Leaving out the images, repeat all the lines below exactly.

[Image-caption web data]
=== Begin Enclosure ===

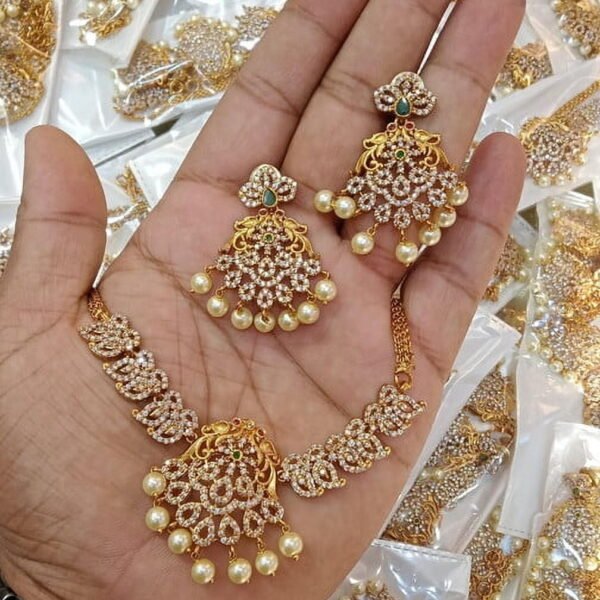 Peacock Matte Gold Finish Haram Necklace Set – South Indian Temple Jewelry with White & Green CZ Stones
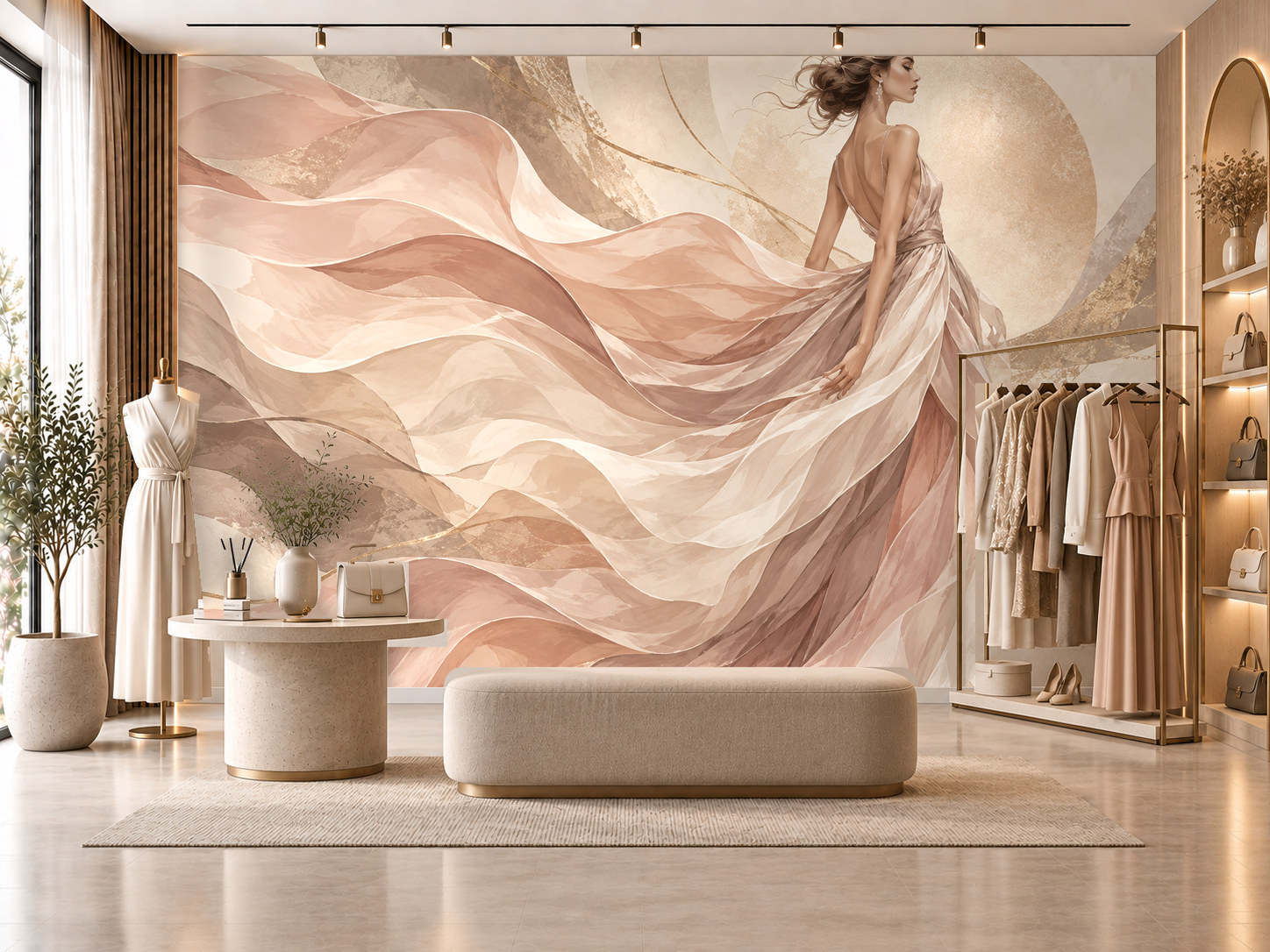 Soft Runway Motion — Kadın butik Duvar Kağıdı (TS-WF-003) – görsel 1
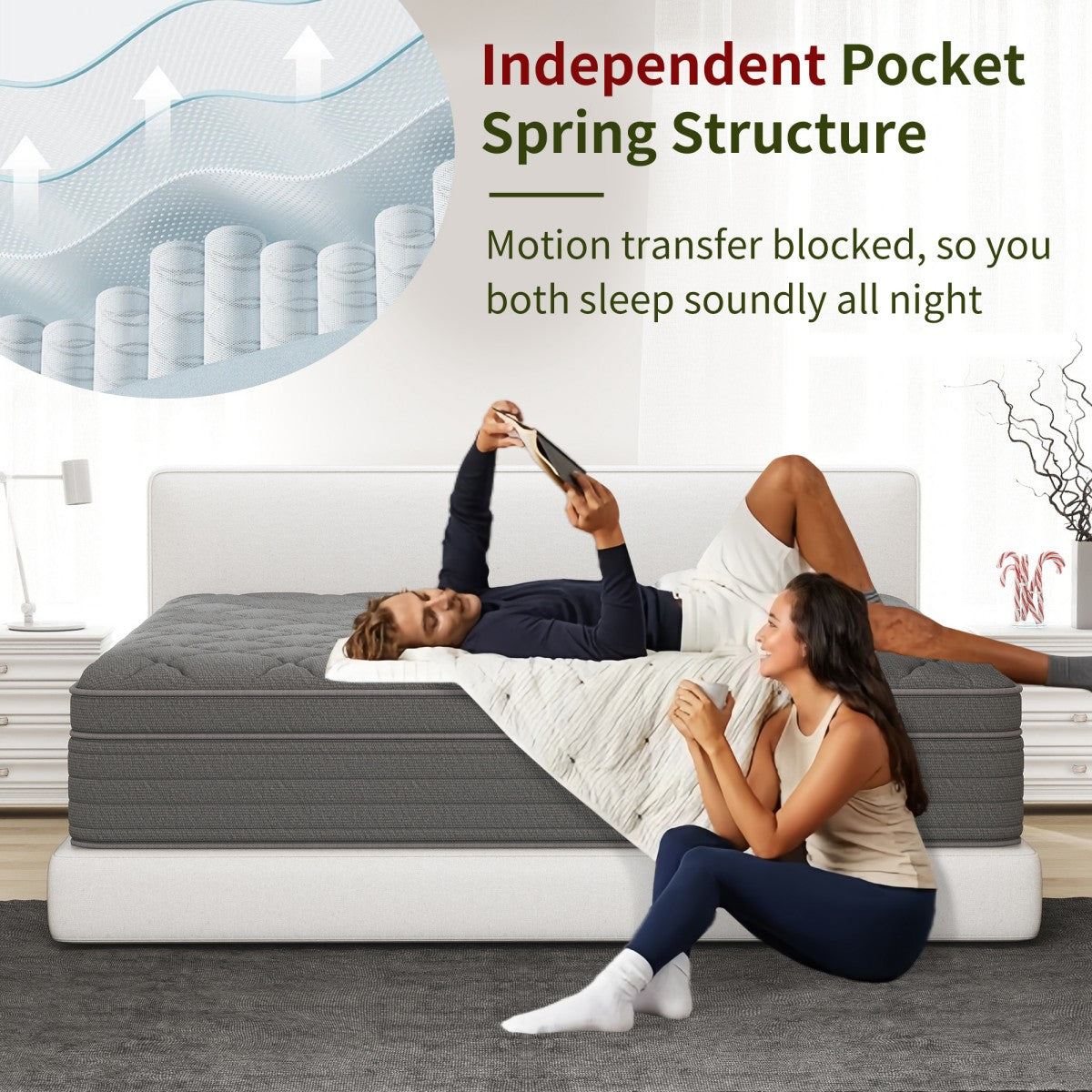 CHEVNI  12/14 Inch Gray Mattress Hybrid Spring Memory Foam Mattresses TWIN FULL QUEEN KING Size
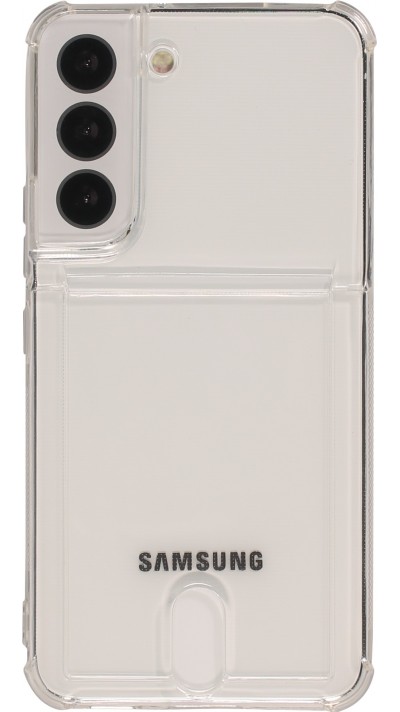 Galaxy S22+ Case Hülle - Gummi Bumper Kartenhalter - Transparent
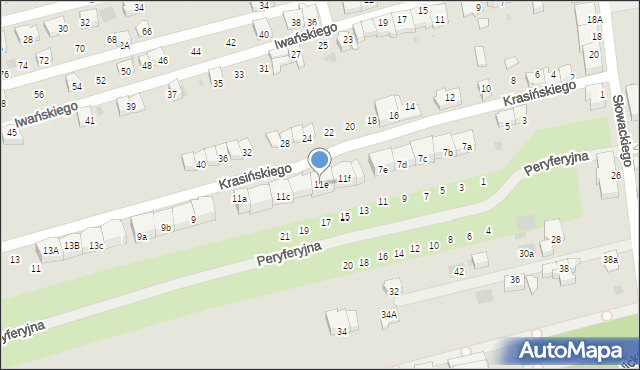 Wadowice, Krasińskiego Zygmunta, 11e, mapa Wadowice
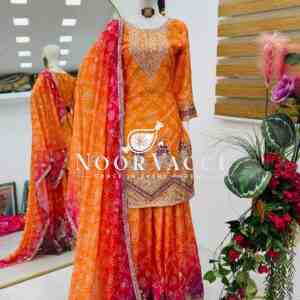Heavy Chinon Silk Printed Embroidered Sharara Suit with Dupatta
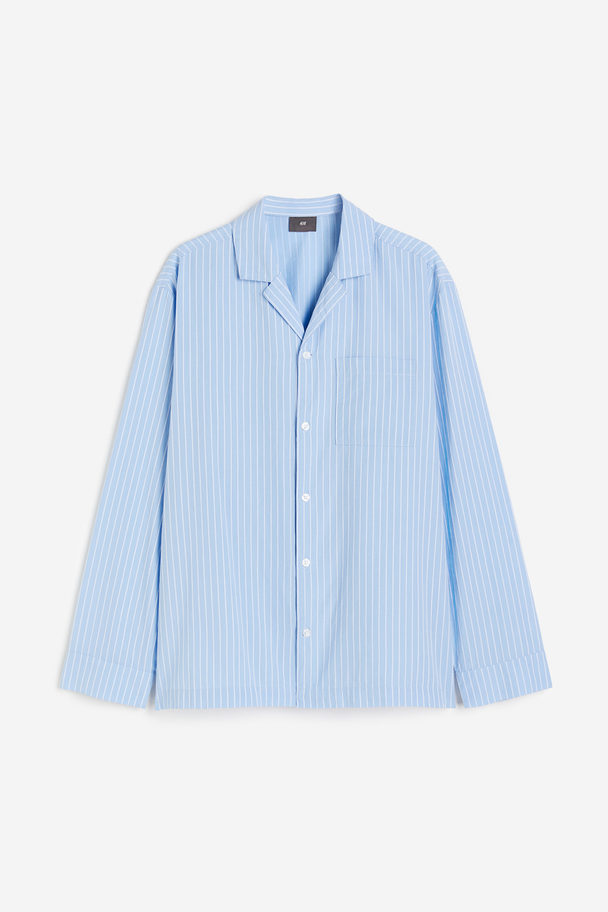 H&M Pyjama Van Popeline Lichtblauw/wit Gestreept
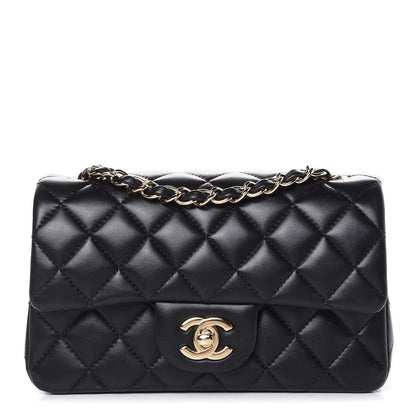 Chanel Lambskin Quilted Mini Rectangular Flap Black 1 of 12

=== End Enclosure ===

ANSWER TO THE EXERCISE —
 Peacock Matte Gold Finish Haram Necklace Set – South Indian Temple Jewelry with White & Green CZ Stones
 Soft Runway Motion — Kadın butik Duvar Kağıdı (TS-WF-003) – görsel 1
 CHEVNI  12/14 Inch Gray Mattress Hybrid Spring Memory Foam Mattresses TWIN FULL QUEEN KING Size
 Galaxy S22+ Case Hülle - Gummi Bumper Kartenhalter - Transparent
 Wadowice, Krasińskiego Zygmunta, 11e, mapa Wadowice
Heavy Chinon Silk Printed Embroidered Sharara Suit with Dupatta
 H&M Pyjama Van Popeline Lichtblauw/wit Gestreept
 Chanel Lambskin Quilted Mini Rectangular Flap Black 1 of 12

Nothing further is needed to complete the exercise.